Task instructions: Give the listing again, word for word, and let no picture into it.

Supplied information:
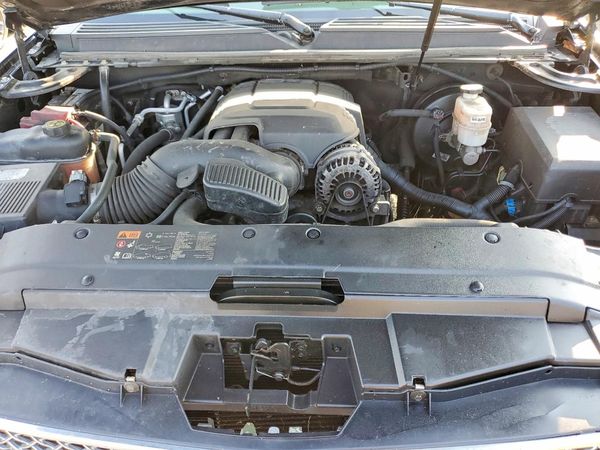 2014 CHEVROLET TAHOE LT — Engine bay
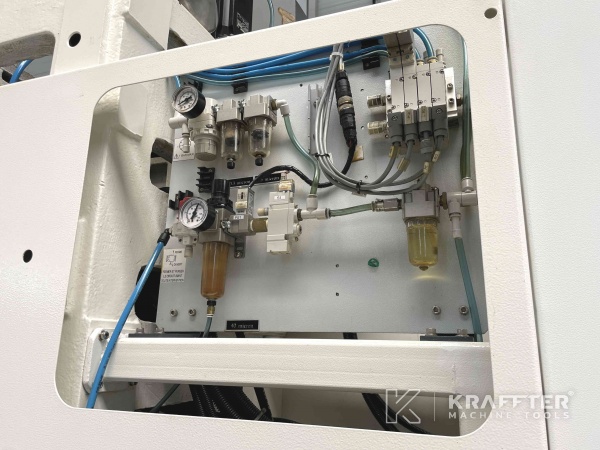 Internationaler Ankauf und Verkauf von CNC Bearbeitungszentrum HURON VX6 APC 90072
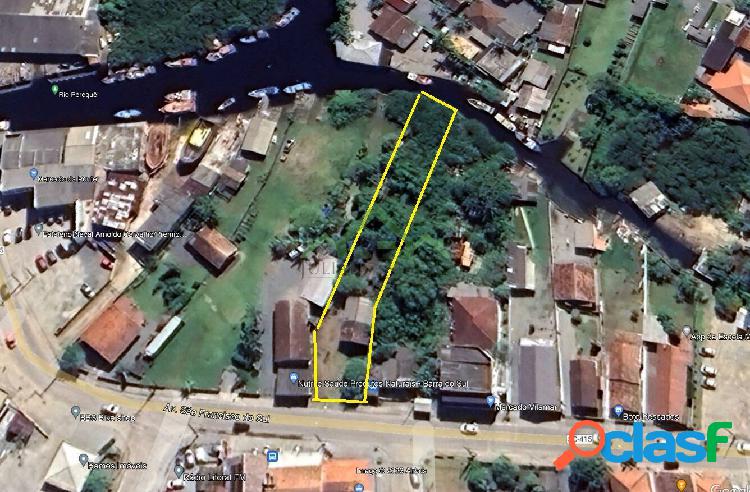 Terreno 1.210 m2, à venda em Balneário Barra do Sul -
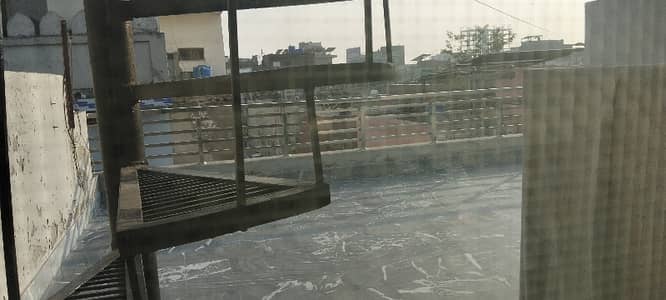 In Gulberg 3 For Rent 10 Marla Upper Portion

Output for this exercise:
 2014 CHEVROLET TAHOE LT — Engine bay
 Internationaler Ankauf und Verkauf von CNC Bearbeitungszentrum HURON VX6 APC 90072
 Terreno 1.210 m2, à venda em Balneário Barra do Sul -
 In Gulberg 3 For Rent 10 Marla Upper Portion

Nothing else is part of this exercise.